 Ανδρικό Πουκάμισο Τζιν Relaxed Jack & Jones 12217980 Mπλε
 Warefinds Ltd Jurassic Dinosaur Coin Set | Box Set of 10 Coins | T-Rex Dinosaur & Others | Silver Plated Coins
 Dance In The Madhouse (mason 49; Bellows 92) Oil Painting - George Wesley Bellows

--

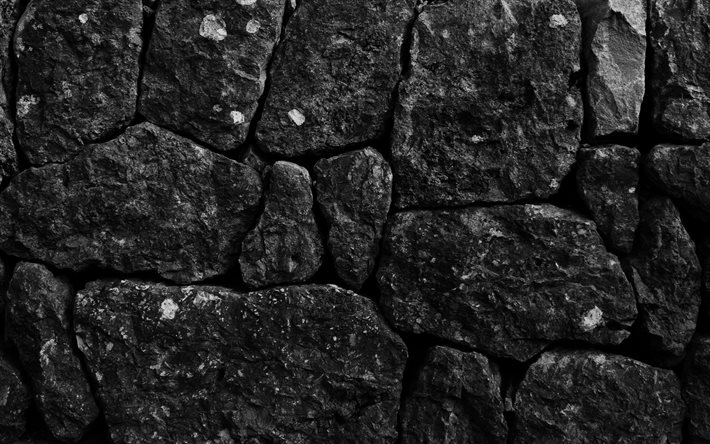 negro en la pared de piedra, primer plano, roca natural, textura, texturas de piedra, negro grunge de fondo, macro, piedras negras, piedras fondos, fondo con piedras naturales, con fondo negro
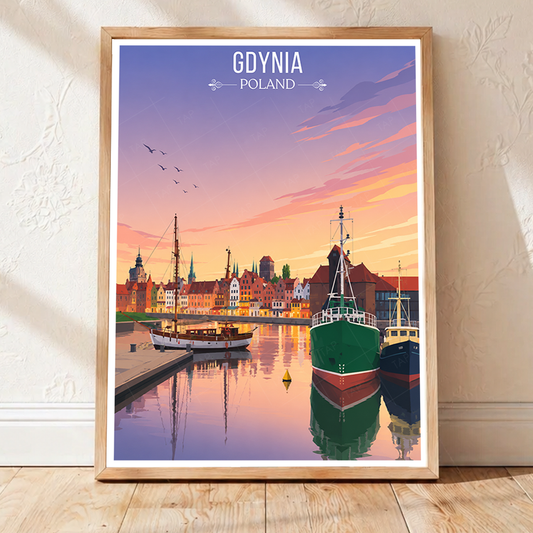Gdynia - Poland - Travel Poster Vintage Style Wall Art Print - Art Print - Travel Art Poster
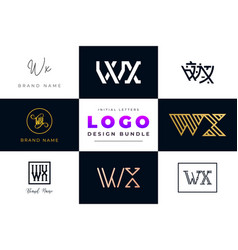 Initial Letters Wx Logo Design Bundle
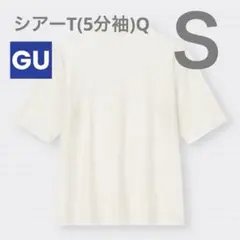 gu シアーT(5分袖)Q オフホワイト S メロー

...

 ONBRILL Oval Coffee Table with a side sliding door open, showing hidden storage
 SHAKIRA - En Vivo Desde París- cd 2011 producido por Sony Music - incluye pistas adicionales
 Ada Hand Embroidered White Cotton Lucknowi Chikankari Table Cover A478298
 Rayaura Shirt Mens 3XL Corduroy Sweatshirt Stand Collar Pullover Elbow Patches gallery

WORK INSTRUCTIONS
For each line of the entries that holds the word "Table", pull that line out.

SOLUTION TO THIS EXERCISE
 ONBRILL Oval Coffee Table with a side sliding door open, showing hidden storage
 Ada Hand Embroidered White Cotton Lucknowi Chikankari Table Cover A478298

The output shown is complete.